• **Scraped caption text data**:
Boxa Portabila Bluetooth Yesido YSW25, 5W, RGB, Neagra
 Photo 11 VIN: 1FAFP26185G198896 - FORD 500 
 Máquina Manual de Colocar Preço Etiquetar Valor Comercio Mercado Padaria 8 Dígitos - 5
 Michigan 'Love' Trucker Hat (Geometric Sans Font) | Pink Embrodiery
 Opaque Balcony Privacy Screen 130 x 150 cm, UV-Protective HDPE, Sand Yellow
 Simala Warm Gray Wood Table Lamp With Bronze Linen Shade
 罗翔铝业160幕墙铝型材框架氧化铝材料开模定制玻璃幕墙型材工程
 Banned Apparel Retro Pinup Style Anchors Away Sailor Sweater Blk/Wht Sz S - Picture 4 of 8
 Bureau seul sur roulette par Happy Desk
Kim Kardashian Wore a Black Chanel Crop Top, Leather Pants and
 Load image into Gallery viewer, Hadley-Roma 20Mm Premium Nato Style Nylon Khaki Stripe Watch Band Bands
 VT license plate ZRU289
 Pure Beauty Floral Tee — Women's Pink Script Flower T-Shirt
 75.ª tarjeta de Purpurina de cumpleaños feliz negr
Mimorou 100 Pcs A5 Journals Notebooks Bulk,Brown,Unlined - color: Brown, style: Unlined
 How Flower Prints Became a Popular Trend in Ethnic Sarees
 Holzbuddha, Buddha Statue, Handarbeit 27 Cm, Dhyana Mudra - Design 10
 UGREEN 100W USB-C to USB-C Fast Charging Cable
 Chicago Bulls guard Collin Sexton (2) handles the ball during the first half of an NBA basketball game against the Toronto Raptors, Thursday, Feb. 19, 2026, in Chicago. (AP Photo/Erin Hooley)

• **WORK INSTRUCTION**:
Give again, exactly as written, the lines running from the first line of the data above through the line that contains "Banned Apparel Retro".

• **TASK RESPONSE**:
Boxa Portabila Bluetooth Yesido YSW25, 5W, RGB, Neagra
 Photo 11 VIN: 1FAFP26185G198896 - FORD 500 
 Máquina Manual de Colocar Preço Etiquetar Valor Comercio Mercado Padaria 8 Dígitos - 5
 Michigan 'Love' Trucker Hat (Geometric Sans Font) | Pink Embrodiery
 Opaque Balcony Privacy Screen 130 x 150 cm, UV-Protective HDPE, Sand Yellow
 Simala Warm Gray Wood Table Lamp With Bronze Linen Shade
 罗翔铝业160幕墙铝型材框架氧化铝材料开模定制玻璃幕墙型材工程
 Banned Apparel Retro Pinup Style Anchors Away Sailor Sweater Blk/Wht Sz S - Picture 4 of 8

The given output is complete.